The Movement Against Parking Meters (MAPM) considered the report “fair and unprejudiced” but it expressed its concern that SCS continues to operate with an air of secrecy. MAPM is also of the view that the courts will find the contract to be illegal and is therefore calling on the City Council to rescind it.
Last Thursday, the City Council deferred consideration on the future of the parking meters project to allow for stakeholders’ comments on the report of the Negotiation Committee. It also agreed for copies of the report to be posted in the Town Clerk’s office, the Treasurer’s office and the National Library, and to be made available to the media upon request. In this regard, the Mayor announced a further one month’s extension to facilitate further consultations.
The Council’s decision, however, did not find favour with the MAPM. Sensing that there may be amendments to the report, the MAPM considered the report to be final after four months of work by the Negotiation Committee. It also considered the latest action by the City Council as a further attempt to delay the final decision on the matter.
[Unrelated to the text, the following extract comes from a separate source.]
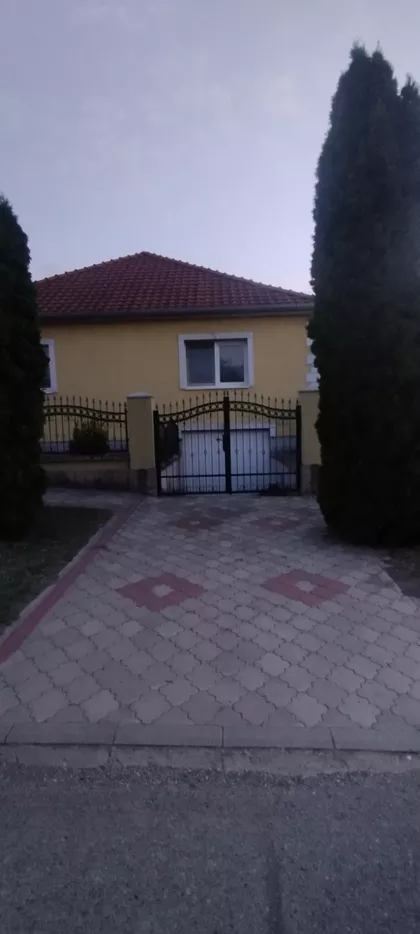 Petra Horvackog 32 | 4zida.rs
There are three issues that one needs to reflect on in deciding on the way forward. The first is that the City Council, as the elected body, was not in any way involved and did not approve of the contract with SCS. This raises serious questions about the contract’s validity. Second, there has been a breach of Section 231 of the Municipal and District Councils’ Act since the proposal to have paid parking meters was not publicly advertised in the interest of transparency and competitiveness, and to enable all prospective operators to submit expressions of interest. Third, judicial intervention has been sought in relation to the operations of the metered parking project.
In the circumstances, we should await the outcome of the court proceedings before deciding on any further course of action. Indeed, at this stage it would be premature to consider the other recommended options.